Ketika kita bertanya mengapa kerangka kapal kano dengan tambahan teknologi layar ungkit ditemukan, terdapat banyak faktor yang berinteraksi, bahwa jawaban tercepat dalah tidak ada solusi untuk semua tantangan bersama yang bertemu. Jawaban itu sendiri cukup untuk menjelaskan tiruan yang sungguh konservatip dari desain yang sukses diterapkan dari generasi ke generasi. Beberapa dari faktor teknis yang membuat teknologi tersebut menjadi sesuai adalah sebagai berikut:

1. Terdapatnya materi alami seperti kayu, yang bagus untuk bahan tempaan, dan serat-jalin seperti rotan atau serat sawit senit, yang cocok untuk tegangan.
2. Materi yang berasal dari Selulosa dasarnya lemah untuk konstruksi dan ada banyak untuk di distribusikan, menghindari pusat tekanan. Pertimbangan ini diatur menurut desain.
3. Materi yang berasal dari Selulosa dan keseluruhan kapal s dibongkar untuk penggantian suku cadang dan kadang-kadang dikeringkan ketika tidak digunakan sementara.
4. Di laut masalah utama mesin adalah untuk menghindari retakan yang disebabkan oleh ombak dan angin, terutama jika kerangka kapal ada di dalam air. Solusinya adalah menggunakan bahan berserat dan membuat struktur fleksibel, mirip kursi keranjang daripada meja kaku berkaki empat.
5. Seperti kulit telur, kelengkungan ganda dari lambung kapal memberikan keuntungan yang tak terduga dalam kekuatan dan tingkat kekakuan.
6. Tanpa katrol (yang mana tidak mereka miliki) ukuran layar dibatasi oleh beratnya ketika basah dan oleh kekuatan tiang yang mendorongnya. Untuk memaksimalkan kekuatan kompresi tiang, bebas untuk pivot pada akhir sehingga gaya lateral semua tinggal dipindahkan ke dalam ketegangan dan tidak ada membungkuk gaya pada tiang.
7. Papan melebar ketika basah dan serat ikatan menyusut, kemudian konstruksi bibir ikat terikat dengan erat di lautan, memapatkan papan-papan tersebut.
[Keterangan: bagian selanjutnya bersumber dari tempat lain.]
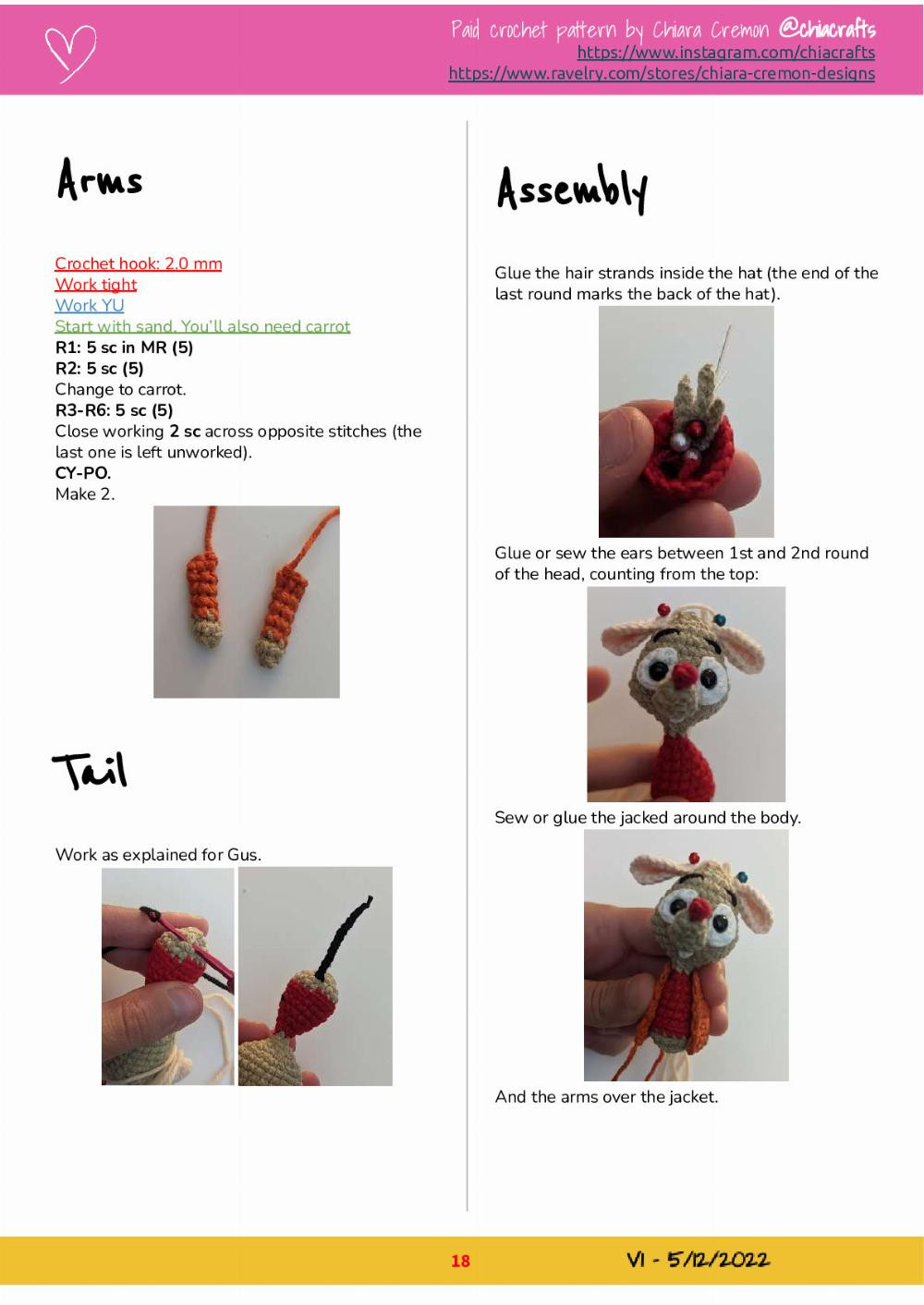 Mice Crochet Pattern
Prinsip utama dari konstruksi bibir ikat dan rakit sangat homogen di seluruh rentang Austronesia, kecuali untuk pengaruh yang selanjutnya tersebar kearah timur dari Samudera Hindia dan sebagai hasil dari pengenalan alat-alat logam dan katrol ke Indonesia dan Filipina dalam masa sejarah. Detail yang signifikan adalah kano tradisional Pasifik telah di jahit lapisannya dengan bibir dalam , seringkali mengambil bentuk dari punggung bukit di selutuh lapisan. Di busur Kepulauan Asia Tenggara, teknik jahitan telah digantikan selama 2000 tahun dengan pemasangan papan tepi ke tepi dengan paku semat internal. Detail lainnya adalah kano tradisional Pasifik mempunyai beberapa batang lurus yang pendek disematkan kedalam cadik apung untuk menghubungkannya dengan tiang cadik. Sebaliknya di Indonesia, beberapa desain mendatang dari konektor disesuaikan dengan penggunaan bambu besar sebagai daya apung. Di busur Kepulauan Asia Tenggara, kecuali Madura, segitiga tali temali memberikan jalan bagi layar trapesium pada tiang tetap dan ini juga berarti pengadopsian pada kemudi kuartal tetap. Batas penyebaran dari teknologi ini sesuai dengan perubahan batas penyebaran logam alat-alat dan barang-barang lain oleh para pedagang dari Asia. Kesimpulannya adalah bahwa ada sedikit kesempatan atau alasan untuk perubahan teknologi di Pasifik setelah desain dasar ini diambil timur Indonesia.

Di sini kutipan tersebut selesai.